Now I would like to think of myself as somewhat aware in these matters and perhaps like most everyone, always looking to make some extra money. Of course that I am presently looking for work finds me spending a lot of time on the internet. As a result I have registered with a variety of job search engines and websites.
On one of these sites an advertisement popped up indicating that you can become a mystery shopper and make good EXTRA cash!
In a moment of “oh well what the hell let’s see what they have to say”. Certainly I have heard of mystery shoppers long before today. How hard can it be? So I click the window to receive information.
Low and behold I received an email one or two days later thanking me for the response. The email was rather straight forward, raising no red flags.

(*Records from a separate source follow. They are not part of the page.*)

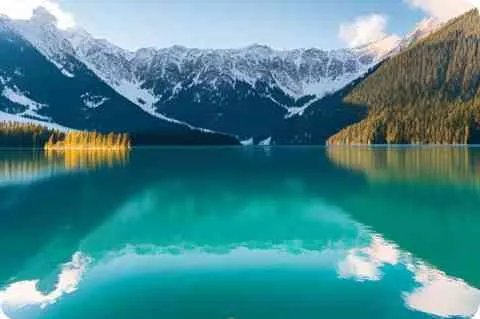 小小狗,手里走,走一步,咬一口字谜及答案(打一生活用品),小小狗,手里走,走一步,咬一口字谜及答案(打一生活用品)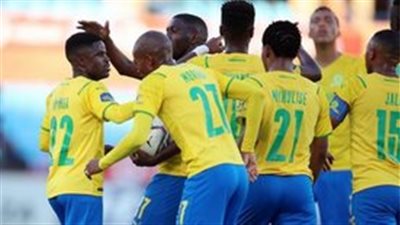 موعد مباراة الهلال السوداني ضد صن داونز الجنوب أفريقي في دوري أبطال أفريقيا والقنوات الناقلة والتشكيل المتوقع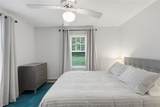 6 Lakewood Drive - Photo 25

Basically they introduce themselves and asked that I forward my name and contact information to receive the information packet in the mail. They outlined what the job would basically consist of for which I would be paid a handsome $400 per assignment. Hook #1 greed of good pay for little work.
They continued to explain that all tools needed would be provided for each assignment, including any needed cash. Hook #2 no responsibility. All I would need to do is follow a few instructions and visit various businesses and assess their customer relations. Easy enough. In the letter they advise that anything I purchased as part of the assignment was mine to keep.. Hook #3 greed of purchases. All that they wanted was a report of the transactions.

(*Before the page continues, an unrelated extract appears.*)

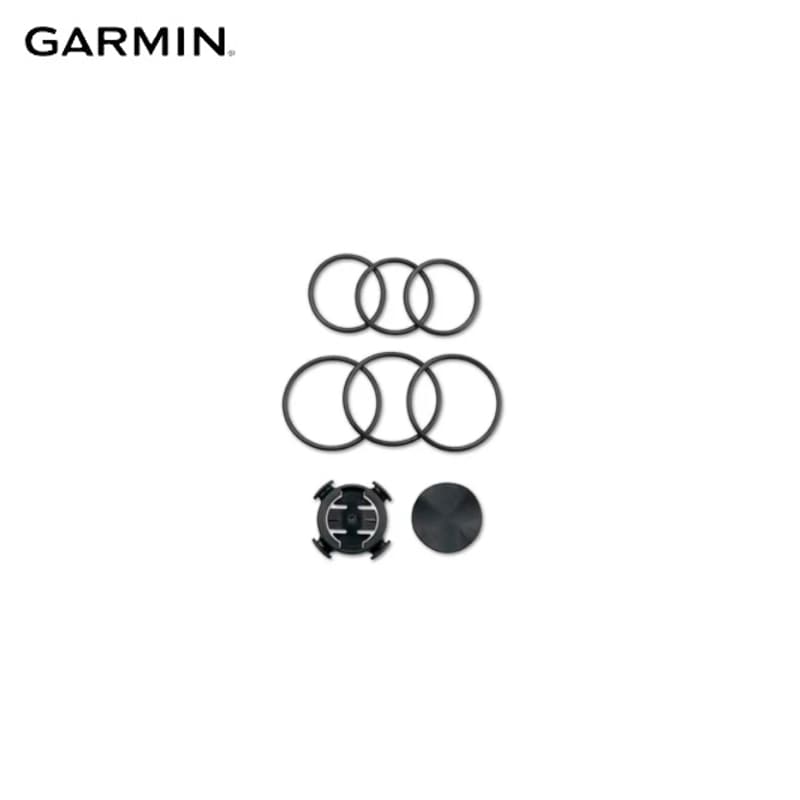 Garmin ガーミン ハンドル/ステムマウント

In the letter I was advised that to carry out the assignment the regional general manager would send the instructions and the funds required for me to carry out my assignment. Dam how easy is that? Get paid up front, don’t need to supply anything but time and they will pay any extra expenses I incur in the execution of the assignment, all I need to do is supply the receipts. Sign me up……
As indicated about a week later I receive in the mail an envelope which included an instructional letter and a company cheque for $2980.00.
So ok they mean business. The letter at first glance appears all above board and the cheque nice and clean. Ok so the amount has cents in it while the letter specifies an even dollar amount, so it has a typo….nothing else seems out of place.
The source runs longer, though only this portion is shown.